Fin 2015, 1 500 M de personnes utilisent quotidiennement Facebook, 1 000 M Gmail, 900 M Whatsapp et... ces milliards de personnes n’ont aucun numéro de téléphone à leur disposition pour demander de l’assistance, et tout se passe très bien !
Faire aussi simple, aussi facile d’usage pour les usages professionnels que grand public devient urgent et indispensable. La bonne nouvelle, c’est que les nouveaux usages Clouds Publics le permettent déjà.
Préparer tous les informaticiens d’entreprise à changer de métier. Combien d’informaticiens professionnels demain ? Pour quels métiers ? Ce sont des questions prioritaires que tous les responsables informatiques doivent se poser, aujourd’hui, pour préparer le futur.
Exploitation, réseaux, développement, sécurité, études... Il n’existe pas un seul métier informatique qui ne sera pas bouleversé par la modernisation des SI. Ne pas anticiper ces mutations, c’est aller dans le mur, et très vite. L’anticiper, c’est permettre à la majorité des informaticiens de votre entreprise de trouver une place, une activité plus intéressante dans le futur.

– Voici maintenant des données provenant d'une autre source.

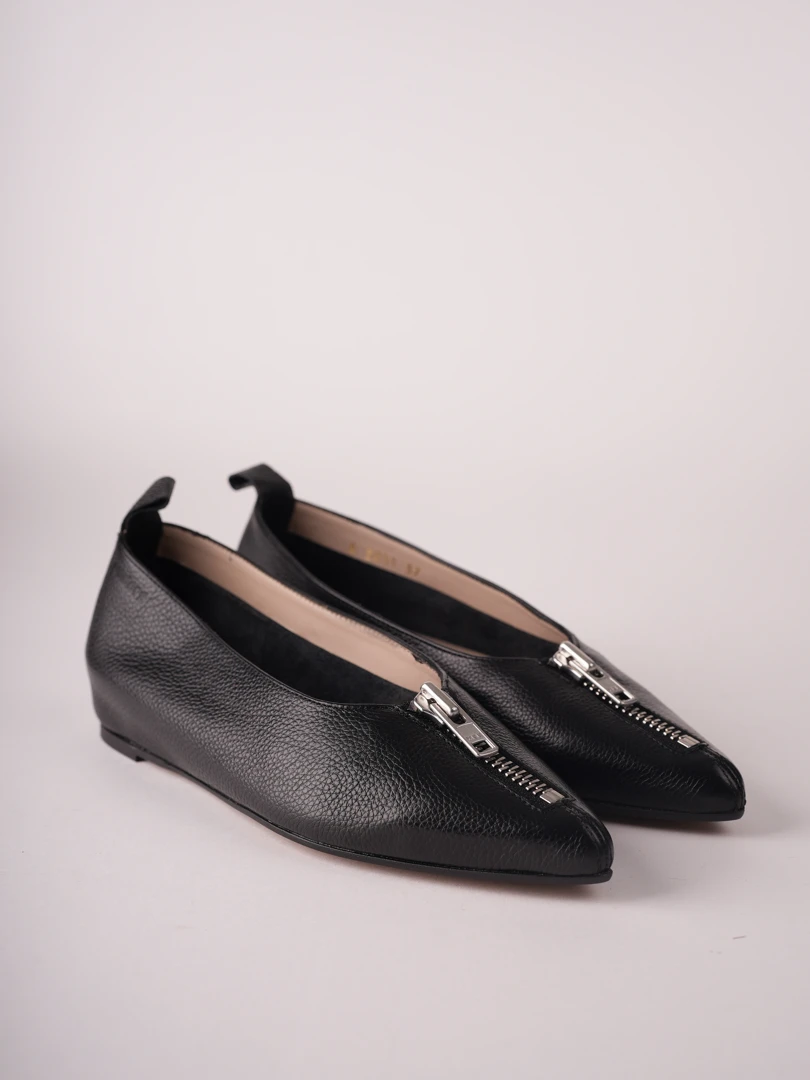 Wild Black Flat Zip Shoes - A-3851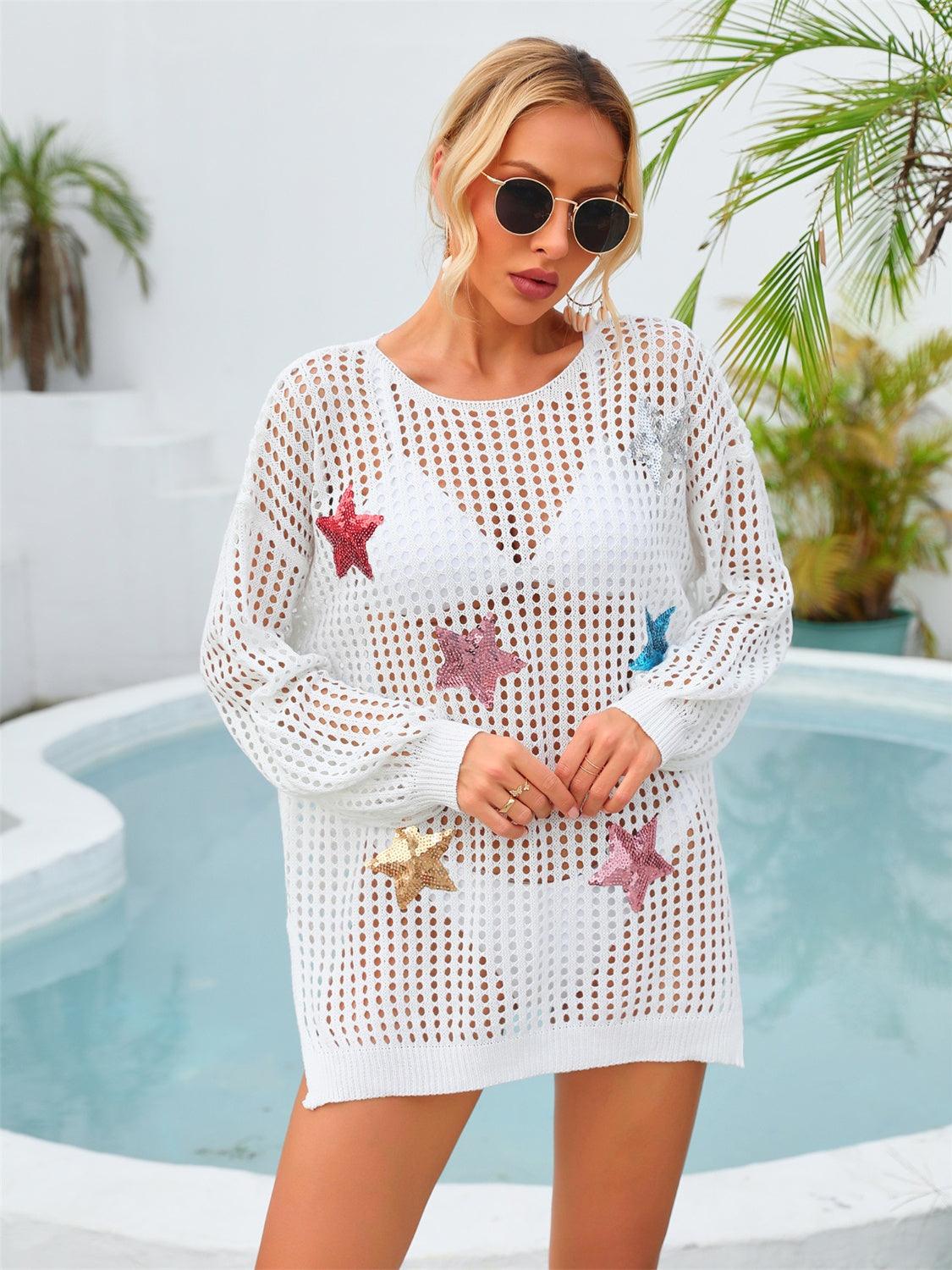 sequin-star-round-neck-long-sleeve-cover-up - Immenzive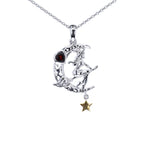 Garnet Flying Witch Pendant 0.3 Carats Sterling Silver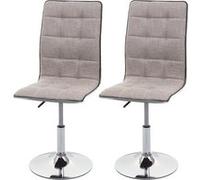 2x Chaise De Salle À Manger Hwc-C41, Chaise De Cuisine, Tissu/Textile Gris Crème Gris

Ce sera beaucoup plus difficile pour les millions de salariés des ESN (ex SSII) détachés dans les grandes entreprises. Leur nombre va fortement se réduire, et très vite, car ils serviront de «variables d’ajustement» pour absorber la réduction du nombre d’informaticiens dans les équipes internes des entreprises.
Synthèse
2016 peut devenir une année exceptionnelle pour le SI de votre entreprise, si tous les acteurs concernés, DSI, DG, métiers et clients internes sont prêts à accepter les changements induits par des décisions d’innovation.
Les challenges «externes», technologies, coûts et sécurité ne sont plus sur le chemin critique du succès. Les seuls obstacles à franchir sont «internes», culturels, organisationnels et humains.
Des entreprises l’ont compris et vont progresser ; d’autres ne sont pas prêtes. À quel groupe souhaitez-vous appartenir ?
Je suis persuadé que vous saurez affronter ces 6 challenges, même si le chemin à suivre ressemble un peu à ce pont de cordes !
J’en profite pour vous souhaiter une excellente année, pour vous, votre famille, votre entreprise et... votre Système d’Information.